EXERCISE DESCRIPTION -> Word for word, repeat the data that follows. Do not include the pictures.

════════════════════

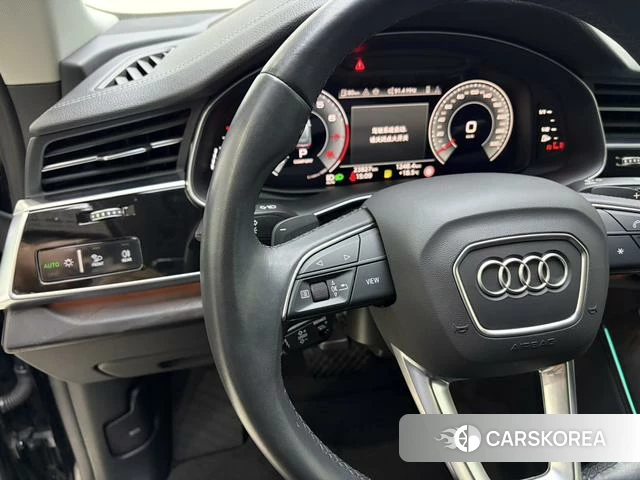 Audi Q8 2024 Черный из Китая, фото 4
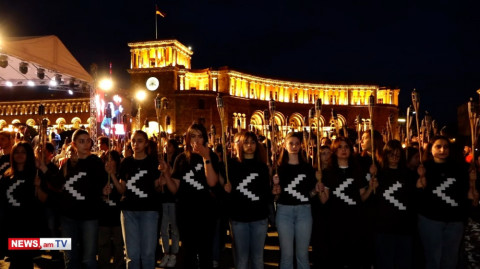 Քաղաքացիները հրապարակում վանկարկում են «Նիկոլ դավաճան»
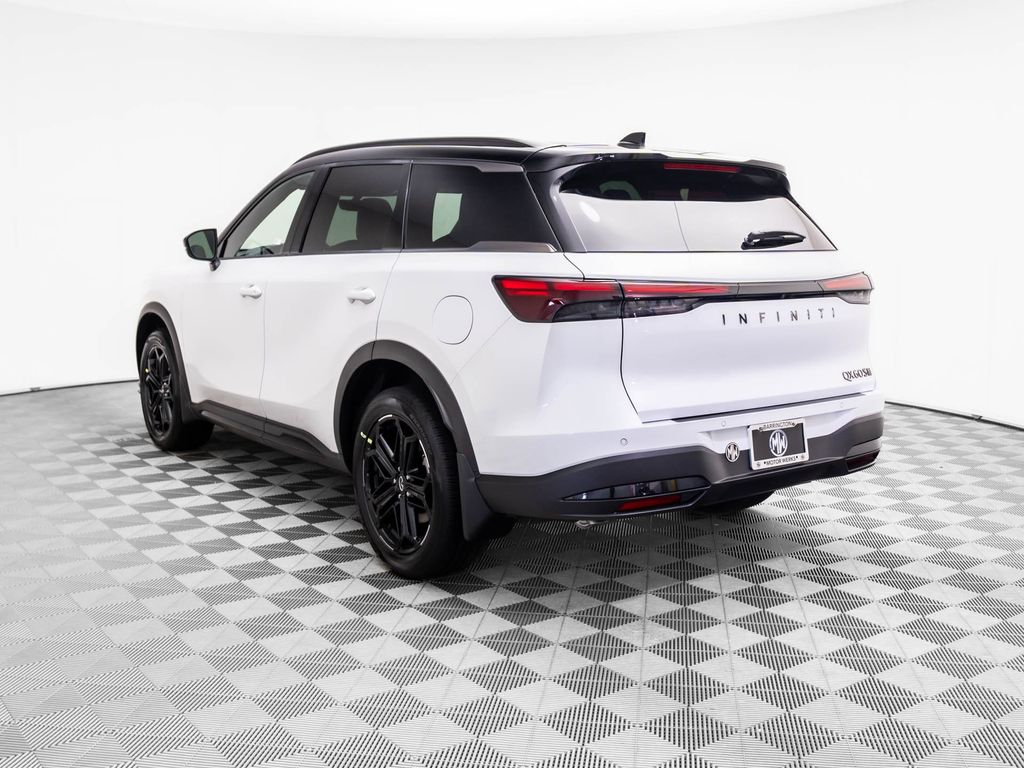 2026 Infiniti QX60 Luxe photo 3
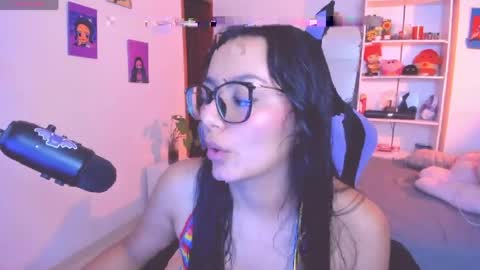 Snapshot of soy___lili chatting on 04.23.26 Lili online show from 04.23.26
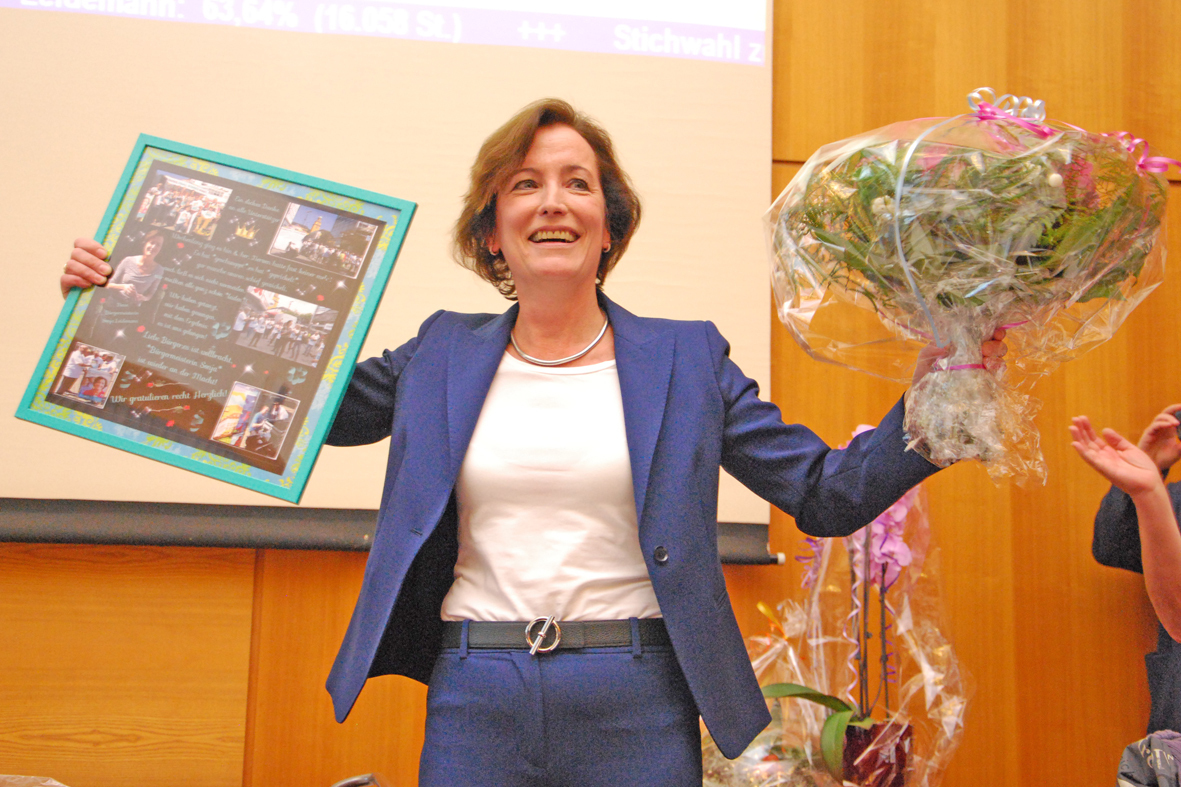 Sonja Leidemann nach der Auszählung aller Wahlbezirke. Sie bleibt Bürgermeisterin von Witten.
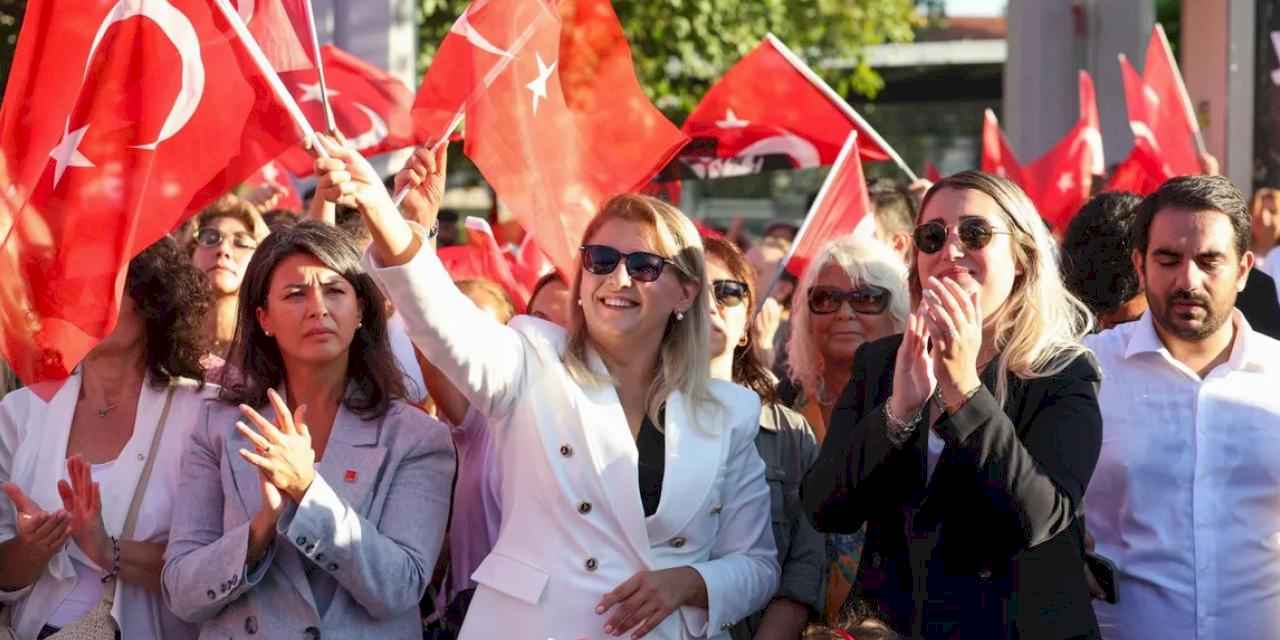 Büyük Zafer'e Bakırköy'de coşkulu kutlama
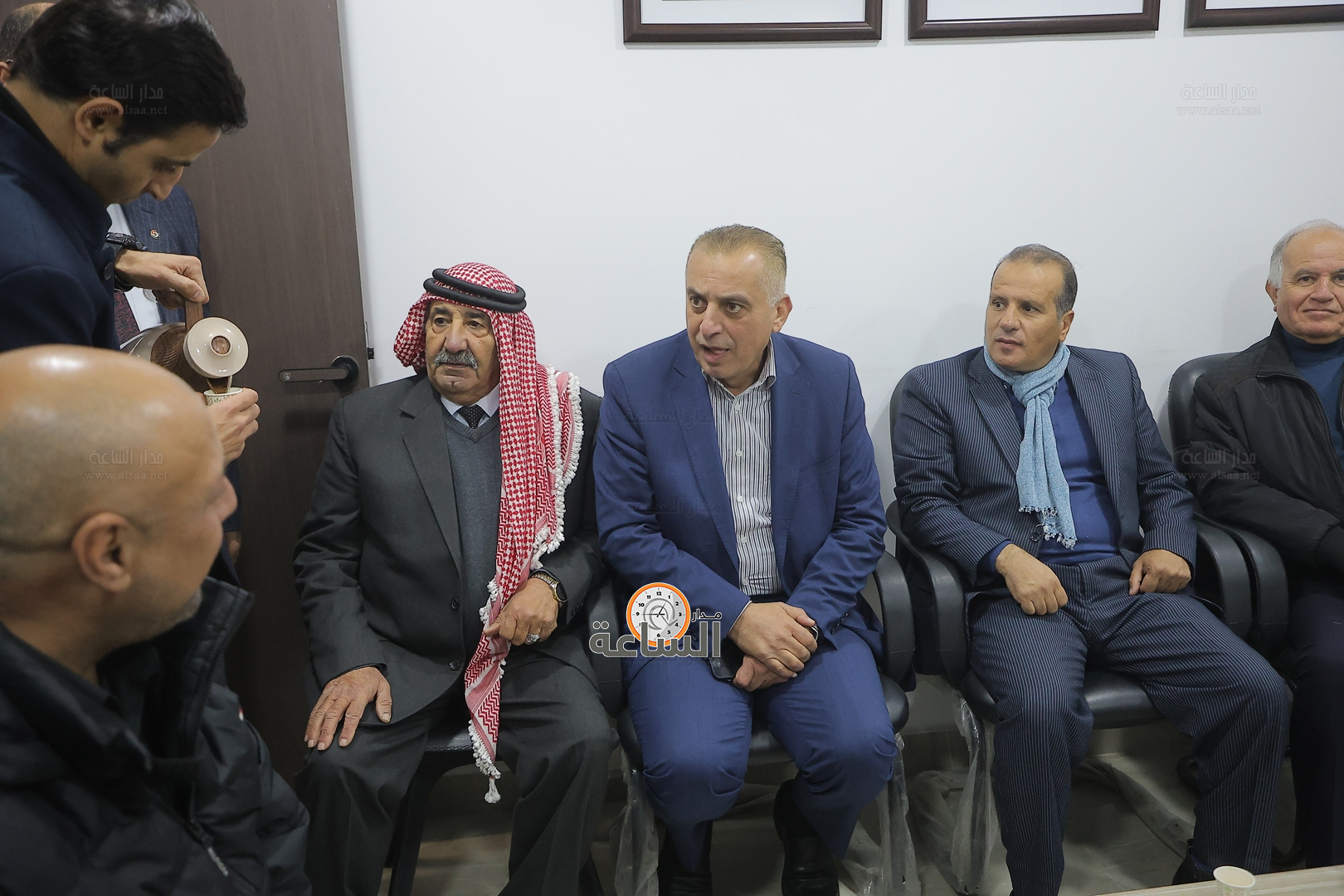 Madar Al-Saa Images 0.5563055543085839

════════════════════

OUTPUT ->
 Audi Q8 2024 Черный из Китая, фото 4
 Քաղաքացիները հրապարակում վանկարկում են «Նիկոլ դավաճան»
 2026 Infiniti QX60 Luxe photo 3
 Snapshot of soy___lili chatting on 04.23.26 Lili online show from 04.23.26
 Sonja Leidemann nach der Auszählung aller Wahlbezirke. Sie bleibt Bürgermeisterin von Witten.
 Büyük Zafer'e Bakırköy'de coşkulu kutlama
 Madar Al-Saa Images 0.5563055543085839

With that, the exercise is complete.